Ghidra can probably save the patched file, but I found it safer to just take note of the bytes to replace and alter the .EXE with a hex editor. You can check the result manually by downloading and comparing the original game and the patched copy:

End of part I

After the last adjustment, I took the time to play around with the mod. The result was not what I would call “improvement”, but it had some novelty value.

Failing to sort the tiles by distance creates all sort of Z-ordering errors. The clipping issues are illustrated by the clipper (nomen omen) at 00:37, and by other track objects throughout the replay. Moreover, the extra vision distance is only effective when looking in the four cardinal directions: no extra range is obtained when the car points diagonally with respect to the North-South axis. On the other hand, the game runs without problems, and the windmill is always rendered using the high-definition model.

In overall, the prototype showed that my understanding of the rendering mechanisms was correct, which was vital for me to plan the next phase of the modding. But it was time to call it a day, and the same is true for this writeup. See you soon for part II!

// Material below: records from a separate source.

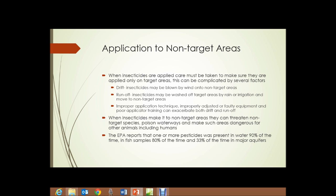The EPA reports that one or more pesticides was present in water 90% of the time when tested, in fish samples 80% of the time, and 33% of the time in major aquifers. So pick a body of water — a stream, lake, or pond — and 90% of the time when tested it will contain some pesticides. And 80% of fish from any body of water. In major aquifers, which we depend on for drinking water, 33% of the time.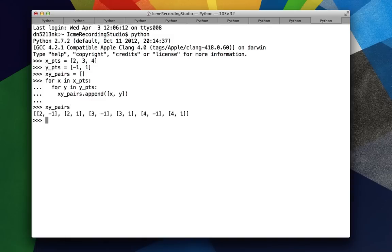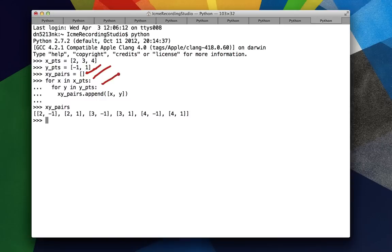So we can see that x, y pairs consists of all pairs of x and y coordinates from x points and y points. Now we can do this four-line statement: first creating an empty list, then iterating over x, then iterating over y, and then creating the pairs.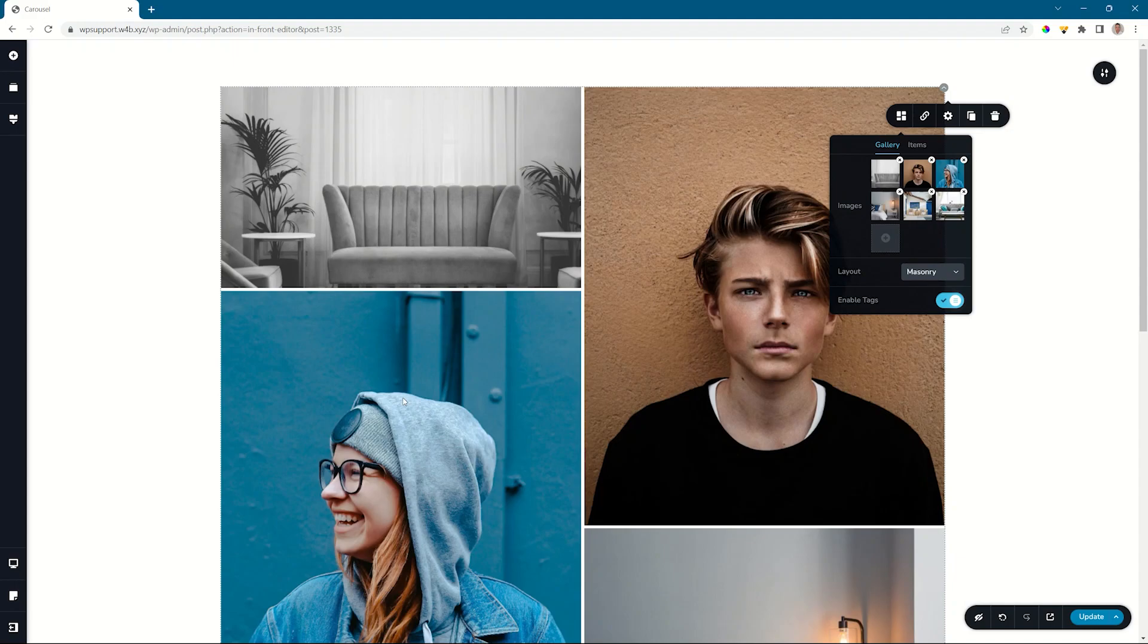Tagging is a great way to allow your images to be filtered in the gallery element. Let's have a look at what that is and how you apply it.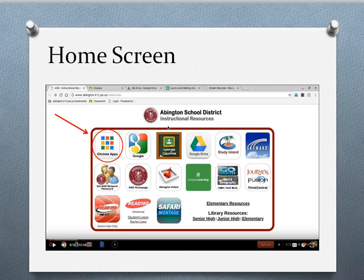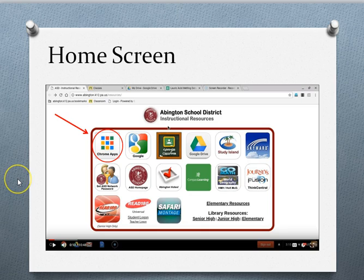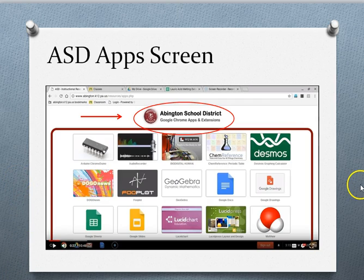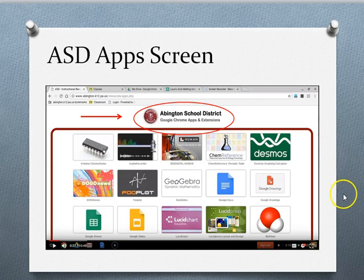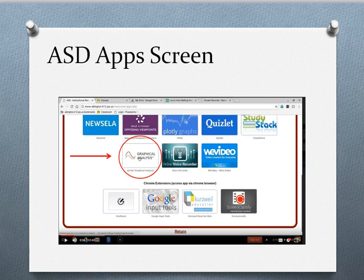Once you log into your Chromebooks, the home screen for the Abington School District Chromebooks looks like this. You'll see over here there is a Chromebook apps — I've got an arrow pointing to it — so you're going to click on that. Once you click on the apps link, it puts you to the home page for the Abington School District apps, and you're going to have to scroll down to find the Vernier app. When you scroll down, it says Graphical Analysis, and there's an arrow — that's the one you're going to click on.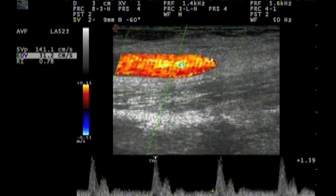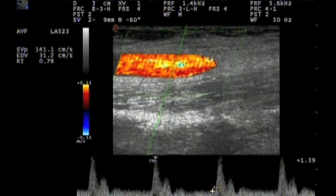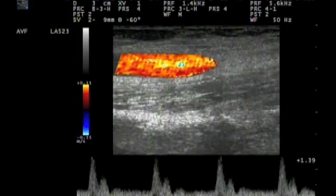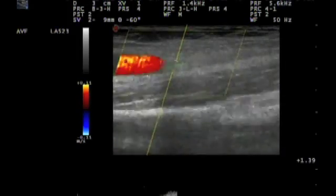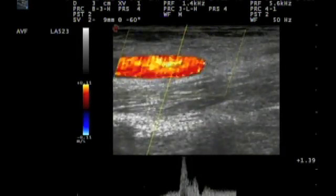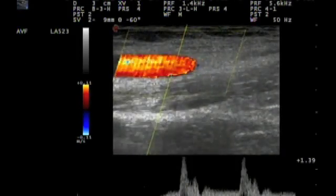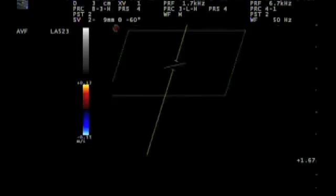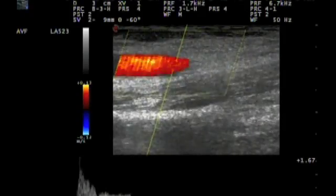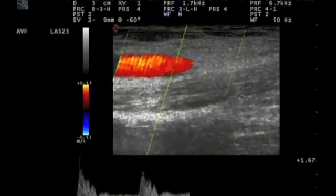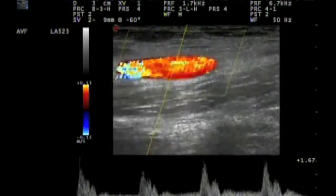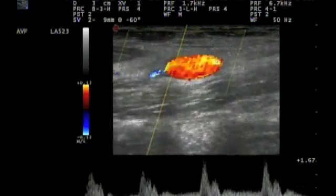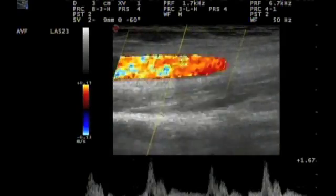And here we measure the resistive index. We have here a value of 0.78, which is fairly high. Normally we would expect at this point an RRI around 0.6 or lower.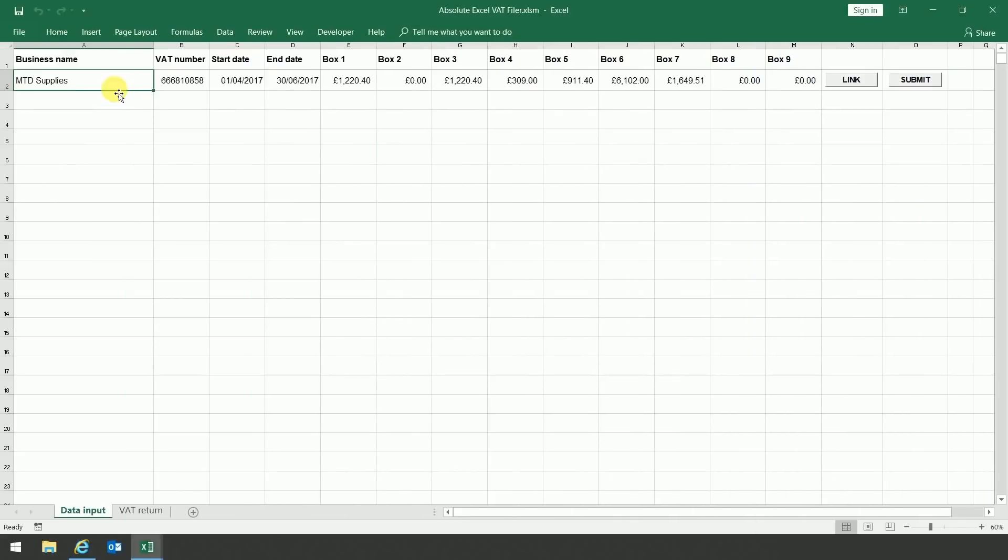On the left-hand side of the screen, you can see that it shows the business name, the VAT number, the start and end date, and boxes 1 to 9 that you'll already be familiar with.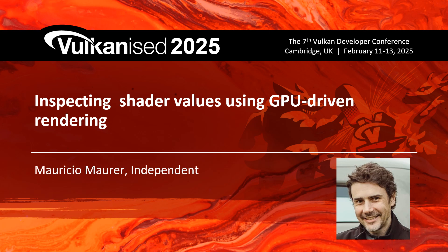Hello there, my name is Mauricio and I'll be talking about how to draw numeric values directly from shaders on the screen using GPU-driven rendering.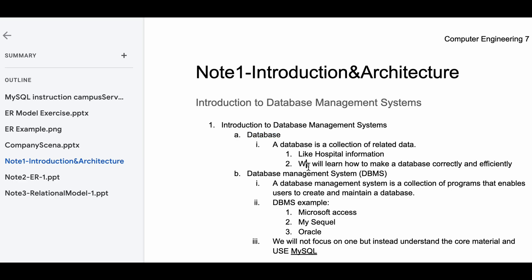We will learn how to make a database correctly and efficiently. Correctly and efficiently is the most important part, because database itself, while not too hard, is not as easy if you want to make it as correct and efficient as possible.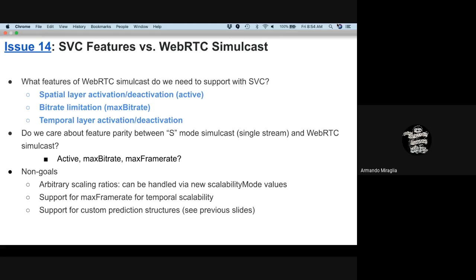The goal is not to change the scale ratio — that would be a custom scalability structure, which is not desirable. Max frame rate is also left out for now as it's complex to implement, though Chrome is working on it and it is a feature at risk. At least one implementation is putting an arm up for the table, which will likely prompt other browsers to follow as it gets implemented.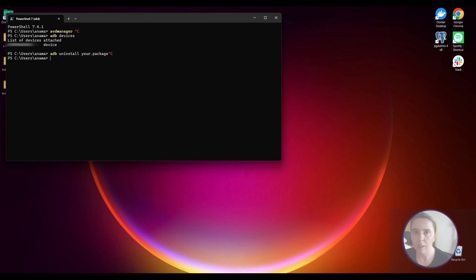And this covers the basic setup of Android SDK on Windows. I hope this video was useful and hit like and subscribe.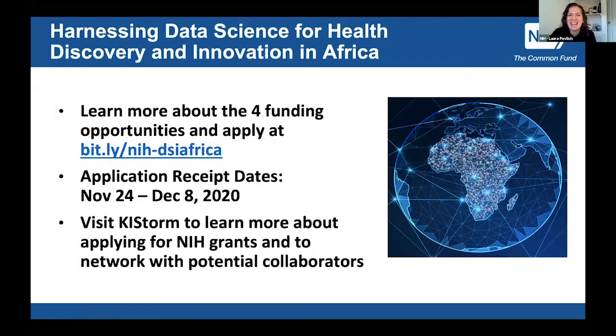Today's event is associated with an NIH program on harnessing data science for health discovery and innovation in Africa. I'll hand it over briefly to Laura Poblidge, program officer at the National Institutes of Health at the Fogarty International Center. There are four different funding opportunities currently open for applications — you can learn more at bit.ly/NIH-DSI-Africa. Applications are due starting in late November. We encourage you to visit the KiStorm platform to learn more about applying to NIH grants and to network with potential collaborators.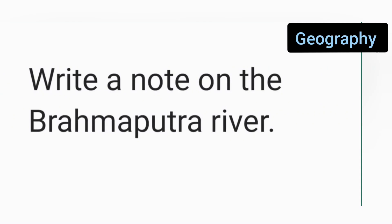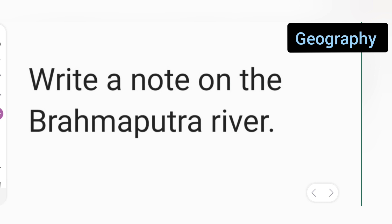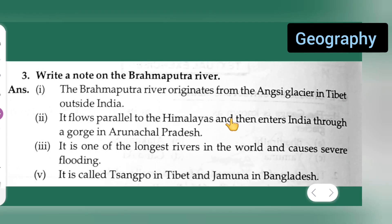Today's question is taken from Class 9 Science, Class 9 Geography. The question is: write a note on the Brahmaputra River. Let us see the answer of this question.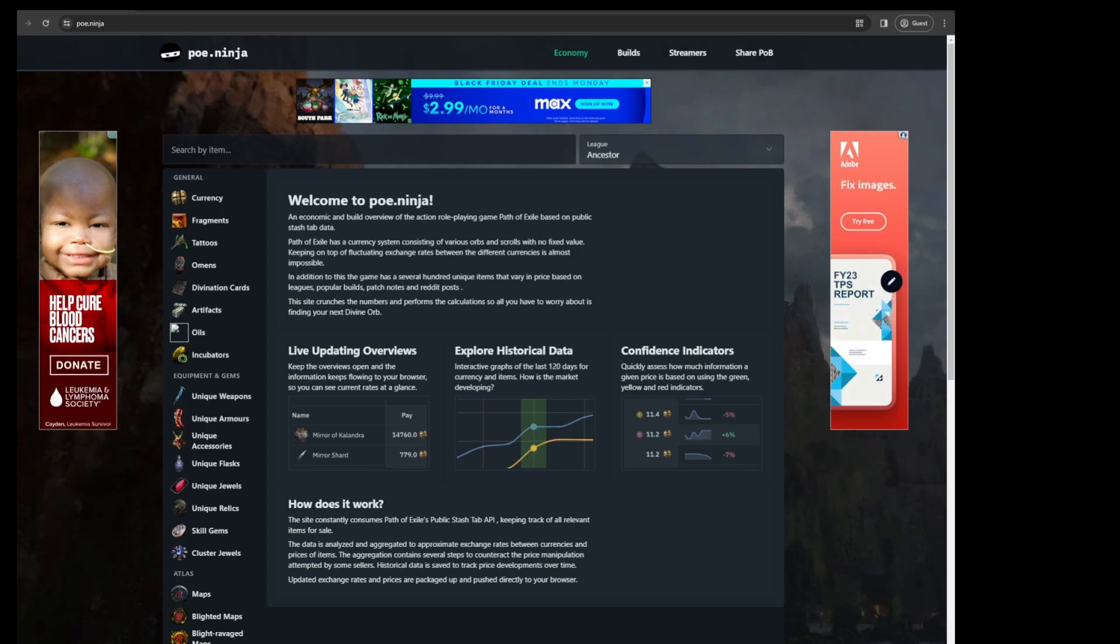What's up guys, so just a quick video here. I wanted to put this out there to share with you a pretty underrated league start tool.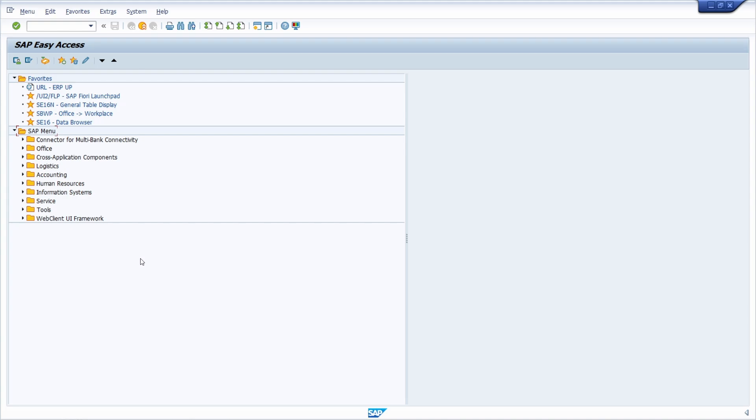Often users ask, 'Why can't I access, see, or change a specific object? My colleague in the same department should have the same authorizations. Why can't I?'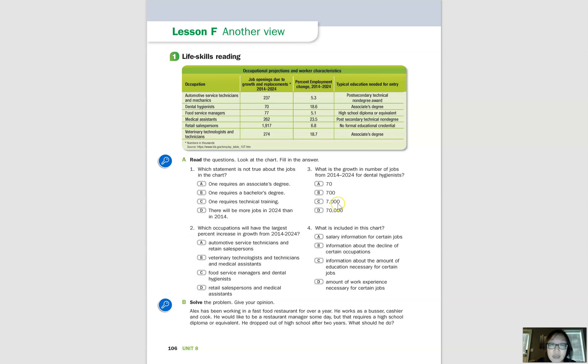Take some time to read the questions and answer them. Practice making complete sentences. Pause the video and continue when you're finished.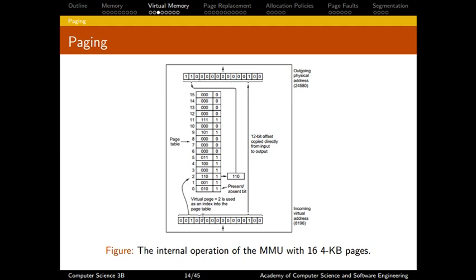And you bring the offset across. So this offset, these 12 bits, you just bring across to the top. And now we have a 15-bit address here on top. Which you can then translate back into decimal, which in this case is 24590.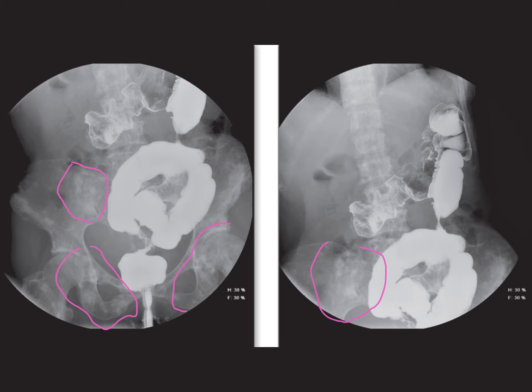The imaging findings are consistent with this scenario, necessitating a thorough evaluation. When encountering strictures on a contrast enema, it's essential to consider a broad range of differential diagnoses, including neoplastic, inflammatory, or infectious processes. Neoplastic processes can be primary — such as the classical apple core lesion typical of annular carcinoma — or secondary, as seen in metastatic diseases. Synchronous lesions are more frequently associated with predisposing conditions like familial polyposis or inflammatory bowel disease, which heighten the risk of multiple lesions.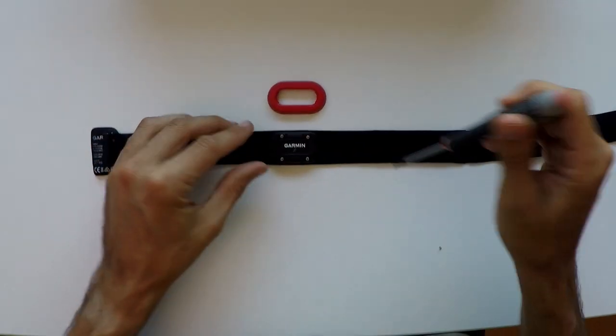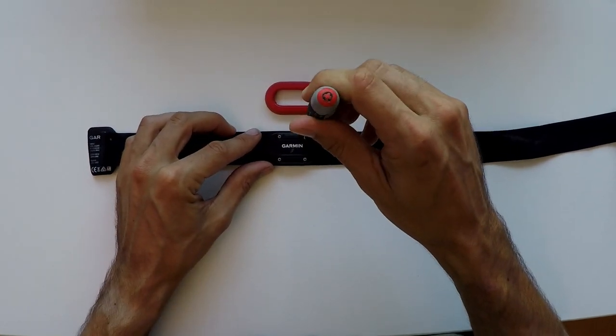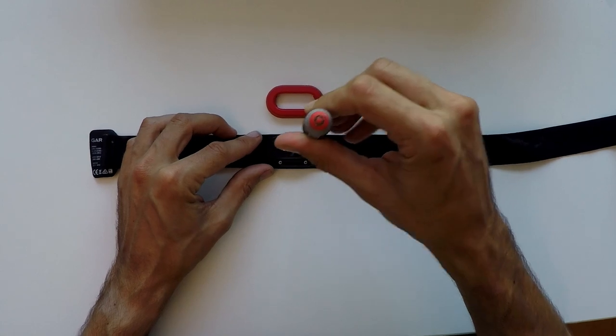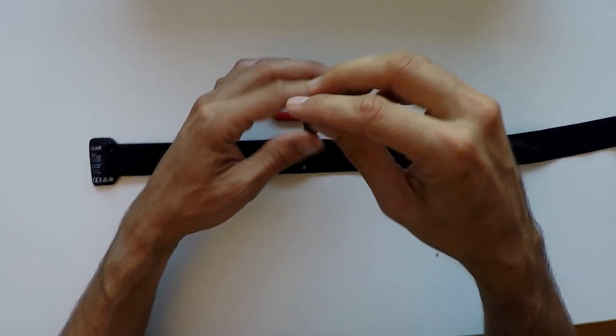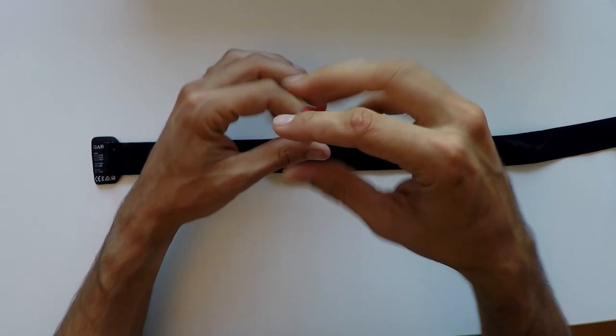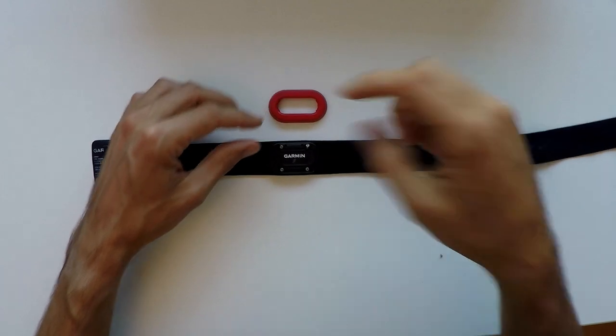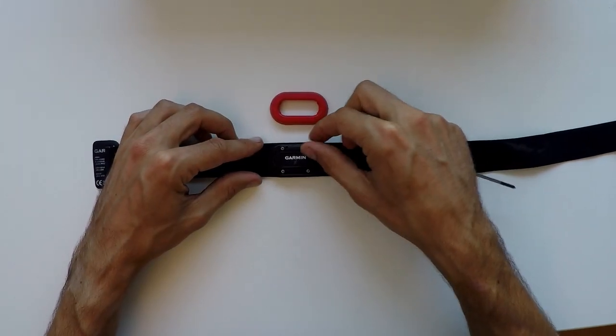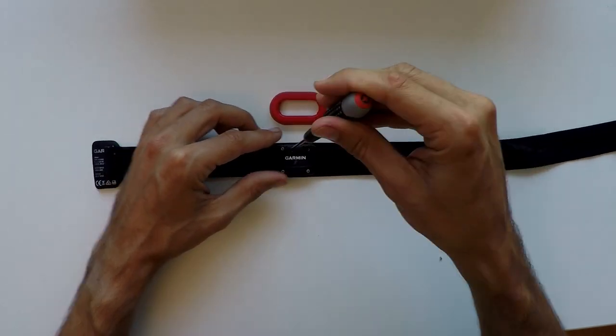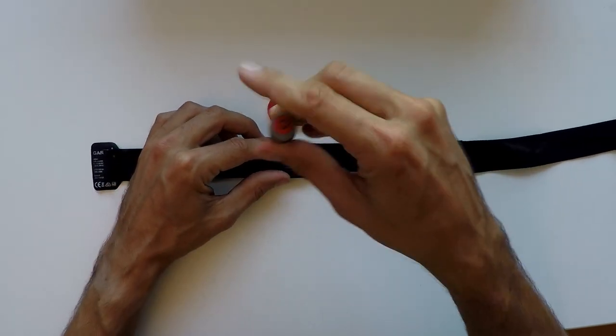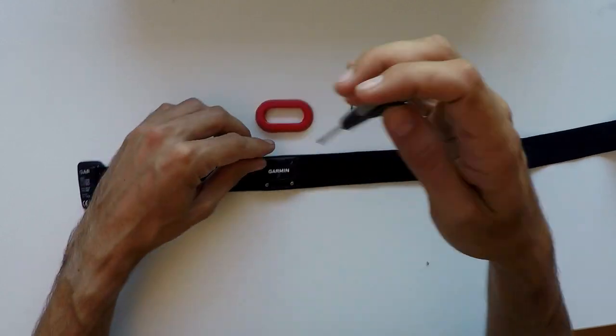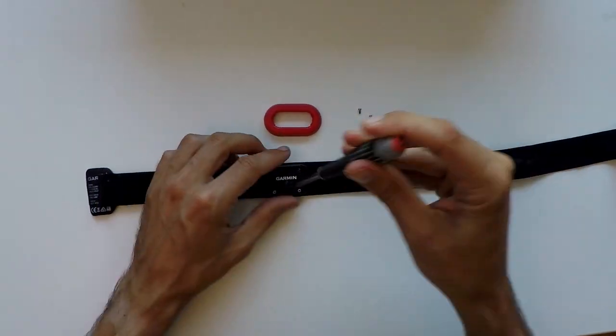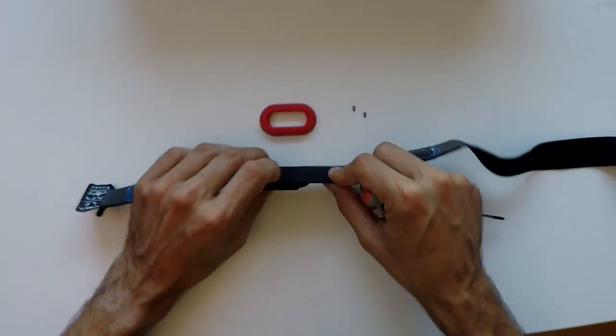And then you just unscrew the screws. Pretty straightforward. This is how you do it. See my beautiful hands working. And then I'm gonna speed it up a little bit. So yeah, you don't have to be an expert to be able to do this.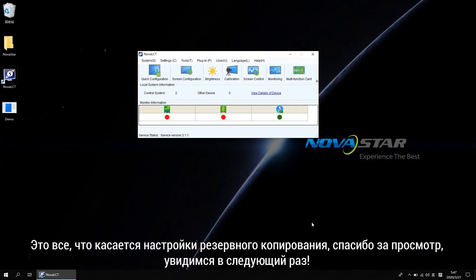That's all for the redundancy settings. Thanks for watching. See you next time.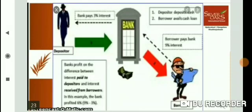Only some depositors withdraw cash at any given time, so the bank is able to manage with this cash reserve. Banks use the major proportion of deposits to extend loans. The bank charges a higher interest rate on loans — say 10% — and pays a lower interest rate to depositors — say 5%. The difference between the interest charged from borrowers and what is paid to depositors is the bank's main source of income.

Appendix: setting a breakpoint in the graphic options menu

Here is how I managed to locate where in DOSBox debug the menu code is loaded. My plan to find out was the following:

Point 1 was, surprisingly, the hardest part. Ghidra does not allow to search for assembly instructions, so I needed to get the corresponding machine code. Also, anything with symbolic names was out of the question, since the symbols are different between Ghidra and the assembly. Anyway, the task seemed simple, since the menu code contains the instruction cmp ax, 9 which seemed special enough. To check its uniqueness, I grepped for it in the codebase. There was still a small trap: I needed to redirect the result of grep to a file and then cat it; skipping this step and displaying the results of grep directly on the screen resulted in just whitespace, because the console is confused by the crlf line endings.

src/restunts/asmorig$ grep --line-number -P 'cmp(\s)*ax,(\s)*9[[:space:]]' *asm > /tmp/matches
src/restunts/asmorig$ cat /tmp/matches
seg004.asm:6123:    cmp     ax, 9
seg008.asm:4621:    cmp     ax, 9
seg008.asm:5358:    cmp     ax, 9

Three hits, few enough. Then I needed to find corresponding the machine code. An easy thing, no? Just put the instruction in an assembler and read the result. There is a very convenient online assembler, made by Jonathan Salwan, which supports 16-bit x86. It informed me that the cmp instruction translates to 83 F8 09. I searched for the sequence in Ghidra and, astonishingly, it did not appear! I tried in vain other search parameters, but nothing came to light. How was this possible? The solution was revealed when I asked a second opinion to the most energy-inefficient assembler of the planet:

I was a victim of Intel’s CISC architecture, where even a trivial instruction such as cmp ax, 9 can be encoded in different ways. Sure enough, a search for 3D 09 00 yielded exactly three results, as expected from grep, and a quick examination brought me to the right point: 274B:2BE8.

Now, phase 2: where is Ghidra’s 274B:2BE8 address mapped to? A simple plan was to calculate the reverse: start the game in DOSBox, break it at a random location, note down the instructions being executed, look them up in Ghidra. Here I was lucky: stopping the game in the main menu I found instructions that are also in Ghidra’s 274B segment, and in DOSBox are loaded in segment 18F0:

To stop the game in the menu, I set a breakpoint at 18F0:2BE8. Mission complete: The breakpoint was hit as soon as I selected an option.

The data segment register is set at 2D1C, so the instruction at 2BED copies the detail level into 2D1C:018A, and all the other variables in the data segment are now easy to find. Granted, I could have spared the effort by noticing that the data segment pointer never changes (the MODEL MEDIUM in the assembly ensures that), but it was a good learning exercise.